Le débat entamé au congrès fondateur, en février dernier, risque de s’exacerber au vu justement de ce score, certes « assez satisfaisant », selon Pierre-François Grond, l’un des dirigeants, mais nettement inférieur aux 9 % initialement promis, en début d’année, par les enquêtes d’opinion. « Olivier Besancenot avait plus de 50 % de bonnes opinions. Le contexte social et économique était assez porteur. Il existait un faisceau d’indicateurs qui laissait à penser que le Nouveau Parti anticapitaliste pouvait atteindre un pourcentage élevé », fait valoir Jérôme Fourquet.
Une formation autocentrée
Alors ils y ont cru, d’autant plus fortement que leur porte-parole était présenté par les sondages comme le principal opposant à Nicolas Sarkozy, le leader de gauche le plus populaire. « On peut réussir l’adéquation Olivier Besancenot = NPA ; NPA = Olivier Besancenot », jubilait Pierre-François Grond fin mars. Aujourd’hui, il se félicite de ne pas l’avoir cantonné à l’Île-de-France, d’en avoir fait « le porte-parole de toutes les têtes de liste », estimant que l’équation a fonctionné. Propos nuancés par Jérôme Fourquet : « Quel que soit l’endroit en France, les électeurs qui ont voté NPA l’ont fait parce que ce parti est incarné par Olivier Besancenot. »
Jouant de sa personnalité, le charismatique facteur s’est assigné un rôle majeur pour consolider son organisation, dont la fragilité contraste, depuis sa création, avec la notoriété du leader. Il fallait coûte que coûte conforter la jeune formation, asseoir son leadership à l’intérieur de « la gauche radicale », la faire apparaître comme « le pôle le plus efficace et le plus conséquent », selon les termes du politologue Serge Cosseron, dans le cadre de la recomposition politique qui s’opère à gauche.

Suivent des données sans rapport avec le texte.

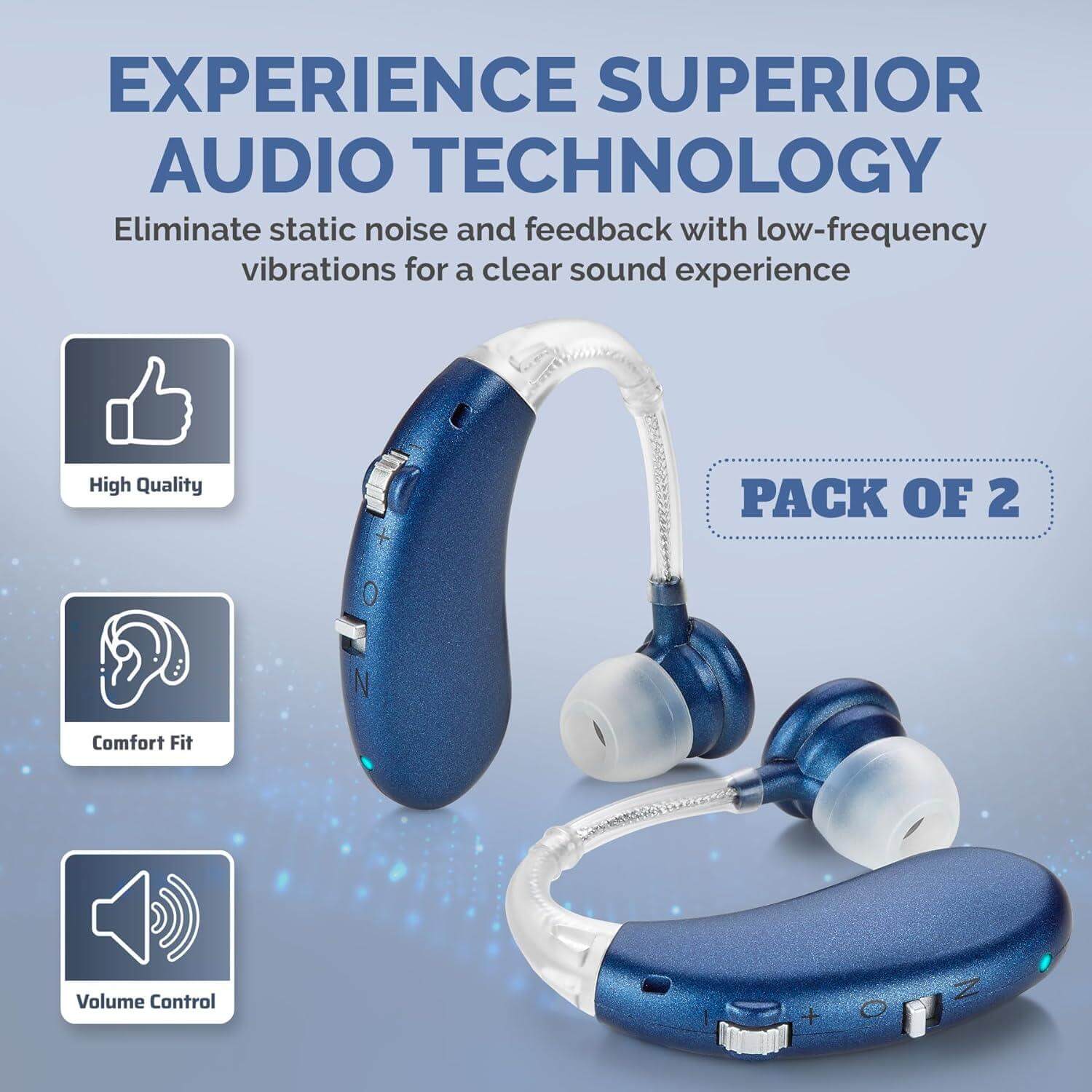 Digital Hearing Aids Pair - Rechargeable -Operated BTE Personal Sound Assist Device with 2 Modes, Volume Control & Noise Cancelling, Behind-The-Ear Aids for Adults and Seniors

Ils y ont cru. Mais ils ont commencé à déchanter quelques semaines avant la tenue des élections, au fil des sondages donnant le NPA derrière le Front de gauche. « Au départ, ils n’ont pas pris au sérieux la concurrence que pouvait exercer cette coalition, analyse Jérôme Fourquet. C’est aussi pour cette raison qu’ils ont refusé la main tendue par le Front de gauche. Sûrs d’engranger les bénéfices de la bonne image et de la popularité d’Olivier Besancenot, arrivé en tête des autres candidats à la gauche du PS au scrutin présidentiel de 2007, ils se sont sentis hégémoniques. Ils ont pensé pouvoir s’imposer par eux-mêmes. »

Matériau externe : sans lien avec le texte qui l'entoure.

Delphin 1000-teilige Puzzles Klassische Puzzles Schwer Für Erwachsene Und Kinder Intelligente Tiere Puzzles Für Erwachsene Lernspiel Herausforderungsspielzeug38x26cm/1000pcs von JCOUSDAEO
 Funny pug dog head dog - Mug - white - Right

Autocentrée sur son appareil, la formation d’extrême gauche a mésestimé l’aspiration à l’unité exprimée par les électeurs de gauche, particulièrement dans les milieux militants. « L’unité, explique le responsable de l’IFOP, est une question centrale. Le Front de gauche a réussi à faire porter au NPA la responsabilité, réelle, du refus de la main tendue. »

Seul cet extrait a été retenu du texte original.